International Holocaust Remembrance Day

Dear CSU community:

International Holocaust Remembrance Day (January 27th) commemorates the tragedy of the genocide that occurred during the Second World War and resulted in the Nazi regime and its collaborators systematically killing six million Jews, along with millions of others, including many people from additional minoritized groups. Designated by the United Nations, the date marks the Soviet Red Army’s liberation of the largest Nazi concentration and death camp, Auschwitz-Birkenau, in 1945. We pledge to remember the victims who lost their lives in the most brutal and heinous ways through honoring their stories and never forgetting the costs associated with the normalization of racism, antisemitism, bigotry, and prejudice. We pledge to work together to end genocide and the hateful forces that lead to these violent acts.

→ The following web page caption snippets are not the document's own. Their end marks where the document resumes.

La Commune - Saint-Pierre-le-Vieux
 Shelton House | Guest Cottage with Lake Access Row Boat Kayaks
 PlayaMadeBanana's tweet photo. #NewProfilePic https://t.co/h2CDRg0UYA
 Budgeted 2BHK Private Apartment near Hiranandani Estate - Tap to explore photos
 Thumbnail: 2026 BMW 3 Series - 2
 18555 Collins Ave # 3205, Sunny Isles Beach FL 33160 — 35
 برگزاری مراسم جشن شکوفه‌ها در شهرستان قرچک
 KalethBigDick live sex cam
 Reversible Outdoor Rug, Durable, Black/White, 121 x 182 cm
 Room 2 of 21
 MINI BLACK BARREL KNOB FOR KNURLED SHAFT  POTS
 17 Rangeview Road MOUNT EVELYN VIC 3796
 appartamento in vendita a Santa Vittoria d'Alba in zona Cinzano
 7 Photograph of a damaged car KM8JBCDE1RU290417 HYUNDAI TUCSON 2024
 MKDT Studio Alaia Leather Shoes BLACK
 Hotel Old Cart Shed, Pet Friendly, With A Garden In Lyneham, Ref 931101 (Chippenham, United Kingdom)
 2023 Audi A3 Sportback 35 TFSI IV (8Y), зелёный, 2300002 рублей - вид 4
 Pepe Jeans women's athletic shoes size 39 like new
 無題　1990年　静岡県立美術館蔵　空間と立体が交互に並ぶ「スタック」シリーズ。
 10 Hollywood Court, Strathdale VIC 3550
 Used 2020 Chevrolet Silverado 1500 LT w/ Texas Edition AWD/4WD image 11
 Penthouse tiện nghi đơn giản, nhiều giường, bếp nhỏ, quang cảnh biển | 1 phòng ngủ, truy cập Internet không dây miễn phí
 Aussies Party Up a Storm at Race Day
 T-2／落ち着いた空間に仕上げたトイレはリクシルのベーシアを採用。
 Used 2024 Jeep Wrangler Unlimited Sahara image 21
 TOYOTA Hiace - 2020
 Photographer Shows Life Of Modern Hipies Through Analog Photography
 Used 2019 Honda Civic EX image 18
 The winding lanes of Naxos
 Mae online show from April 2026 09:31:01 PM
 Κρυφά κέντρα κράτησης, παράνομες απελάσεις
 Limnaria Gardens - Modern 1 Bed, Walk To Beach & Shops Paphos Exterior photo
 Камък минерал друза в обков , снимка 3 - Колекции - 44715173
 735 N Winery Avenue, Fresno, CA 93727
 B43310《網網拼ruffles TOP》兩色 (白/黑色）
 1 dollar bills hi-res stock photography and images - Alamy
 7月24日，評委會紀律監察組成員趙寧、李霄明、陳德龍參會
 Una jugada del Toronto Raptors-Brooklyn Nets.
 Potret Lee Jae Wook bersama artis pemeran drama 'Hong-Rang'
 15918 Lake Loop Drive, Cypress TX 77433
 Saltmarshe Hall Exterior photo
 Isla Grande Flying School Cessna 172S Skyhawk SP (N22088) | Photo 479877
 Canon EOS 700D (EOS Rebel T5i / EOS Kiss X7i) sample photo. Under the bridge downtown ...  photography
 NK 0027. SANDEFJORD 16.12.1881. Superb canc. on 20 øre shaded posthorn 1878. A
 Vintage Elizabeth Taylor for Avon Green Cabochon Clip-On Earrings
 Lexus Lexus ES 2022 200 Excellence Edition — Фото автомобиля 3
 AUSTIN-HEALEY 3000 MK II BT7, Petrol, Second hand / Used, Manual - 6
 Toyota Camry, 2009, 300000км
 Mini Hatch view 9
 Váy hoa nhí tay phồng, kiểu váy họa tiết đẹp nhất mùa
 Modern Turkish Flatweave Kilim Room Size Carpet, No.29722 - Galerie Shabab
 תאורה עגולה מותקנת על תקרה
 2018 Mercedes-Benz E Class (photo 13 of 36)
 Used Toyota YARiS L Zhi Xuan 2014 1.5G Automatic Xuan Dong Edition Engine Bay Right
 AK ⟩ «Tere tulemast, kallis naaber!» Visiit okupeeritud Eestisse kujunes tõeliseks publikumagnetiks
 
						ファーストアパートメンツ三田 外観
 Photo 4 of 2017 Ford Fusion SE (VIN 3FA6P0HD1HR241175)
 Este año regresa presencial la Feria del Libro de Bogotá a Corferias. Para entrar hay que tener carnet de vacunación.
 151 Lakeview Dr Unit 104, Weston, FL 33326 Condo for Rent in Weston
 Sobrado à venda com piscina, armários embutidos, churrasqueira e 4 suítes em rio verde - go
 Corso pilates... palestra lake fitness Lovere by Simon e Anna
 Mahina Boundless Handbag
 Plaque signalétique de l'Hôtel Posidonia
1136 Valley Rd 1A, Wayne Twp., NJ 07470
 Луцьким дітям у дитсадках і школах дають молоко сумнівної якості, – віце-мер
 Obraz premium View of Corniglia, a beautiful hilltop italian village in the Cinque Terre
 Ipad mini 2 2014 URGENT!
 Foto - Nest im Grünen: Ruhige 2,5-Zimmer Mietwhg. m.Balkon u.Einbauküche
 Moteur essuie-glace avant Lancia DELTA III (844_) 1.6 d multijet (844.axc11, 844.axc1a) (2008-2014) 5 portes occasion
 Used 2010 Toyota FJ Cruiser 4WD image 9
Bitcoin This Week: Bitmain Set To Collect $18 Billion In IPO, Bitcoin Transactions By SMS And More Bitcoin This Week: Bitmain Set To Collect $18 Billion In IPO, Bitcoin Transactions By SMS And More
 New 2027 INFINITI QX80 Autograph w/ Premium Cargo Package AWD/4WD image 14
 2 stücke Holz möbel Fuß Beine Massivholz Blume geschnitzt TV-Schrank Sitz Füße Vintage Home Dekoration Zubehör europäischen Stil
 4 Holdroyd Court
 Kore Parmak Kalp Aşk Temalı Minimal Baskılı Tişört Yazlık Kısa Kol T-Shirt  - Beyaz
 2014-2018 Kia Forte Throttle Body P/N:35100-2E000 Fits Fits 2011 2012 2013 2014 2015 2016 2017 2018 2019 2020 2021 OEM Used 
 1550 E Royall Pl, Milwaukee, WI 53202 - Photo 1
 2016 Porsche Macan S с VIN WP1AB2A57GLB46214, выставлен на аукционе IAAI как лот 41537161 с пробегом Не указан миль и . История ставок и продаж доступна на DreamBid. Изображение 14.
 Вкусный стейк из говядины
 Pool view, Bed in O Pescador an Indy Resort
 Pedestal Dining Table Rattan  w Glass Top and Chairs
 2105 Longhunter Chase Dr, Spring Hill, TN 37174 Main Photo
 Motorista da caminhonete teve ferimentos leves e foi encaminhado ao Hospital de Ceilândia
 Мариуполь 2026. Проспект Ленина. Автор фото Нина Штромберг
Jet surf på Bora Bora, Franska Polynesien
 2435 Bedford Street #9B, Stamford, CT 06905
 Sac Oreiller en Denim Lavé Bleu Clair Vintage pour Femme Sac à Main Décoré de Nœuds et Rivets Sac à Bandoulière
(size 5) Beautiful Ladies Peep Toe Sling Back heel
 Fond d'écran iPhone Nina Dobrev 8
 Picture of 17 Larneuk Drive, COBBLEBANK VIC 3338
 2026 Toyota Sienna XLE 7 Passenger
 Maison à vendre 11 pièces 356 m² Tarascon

Antisemitism may be expressed as hatred toward Jewish people and it takes many forms. Throughout history, antisemitism has resulted in murder, extermination, exile, humiliation, and other oppressive and deadly behaviors toward Jewish or non-Jewish individuals, as well as the destruction of their property, community institutions, and religious facilities. Today, assault, harassment, and vandalism against Jewish people remain at near-historic levels in the U.S. The deadly attacks on synagogues in Pittsburgh (2018) and Poway (2019) have made American Jewish communities feel more vulnerable than they have felt in decades. While Covid-19 reduced in-person cases of antisemitism, social media outlets have recorded a dramatic increase in antisemitic rhetoric and symbols. The insurrection at the U.S. capitol earlier this month revealed emboldened extremist groups rallying around symbols of antisemitism and showed us, yet again, how racism and prejudice are still very much part of American life.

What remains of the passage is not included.